Several people attending the Skybridge Alternatives Conference, one of the hedge fund industry's most prestigious events of the year, privately said they had long ago written him off as one of the $2 trillion industry's bad apples.
Very few were prepared to talk for attribution and most soon returned to their main purpose at the conference -- networking and gathering tips from some of the hedge fund world's biggest stars.
Rajaratnam had once participated in a fantasy football league that included top hedge fund luminaries Paul Tudor Jones, Jim Pallotta and Stanley Druckenmiller.

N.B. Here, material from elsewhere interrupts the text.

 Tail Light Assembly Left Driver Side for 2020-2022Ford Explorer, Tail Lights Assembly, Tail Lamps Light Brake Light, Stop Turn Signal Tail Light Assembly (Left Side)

Indeed, a number of former traders from Rajaratnam's now defunct Galleon Group once worked for Steven A. Cohen's SAC Capital Advisors. Cohen is the most high-profile speaker at the three-day conference.
Cohen's fund has drawn its own scrutiny from prosecutors. This year, two former SAC Capital employees pleaded guilty to insider trading while working for the $13 billion hedge fund. And while Cohen himself has not been accused of any wrongdoing, Reuters previously reported federal investigators have been looking into allegations of wrongful trading at SAC Capital for nearly four years.
Cohen's appearance at the conference is a rarity because he seldom speaks publicly or before the media.
Several people said they hoped Cohen, a billionaire in his own right, would address the controversy surrounding his storied hedge fund and he did not disappoint them. Thank you for that softball question, Cohen said to gales of laughter when SkyBridge partner Anthony Scaramucci started off the half-hour-long interview by asking about the recent media glare.
No one likes that kind of media scrutiny, Cohen declared, adding that the firm's roughly 850 employees work hard and we take compliance very seriously. We will cooperate with any and all investigations.
Others in the crowd of over 1,700 managers, investors, industry analysts and lawyers talked about how Rajaratnam has indirectly impacted the industry as investors demand more information about how their managers plan to make money.
But the overall sense of many was the verdict would not alter things much for the hedge fund industry and would not represent the same blow to confidence as the Bernard Madoff Ponzi scheme did.
In the end, rigorous due diligence comes down to finding someone you think you can trust, said Gaurang Vyas with Nonpareil Capital, which invests with hedge funds.
We need to find the right people, he added.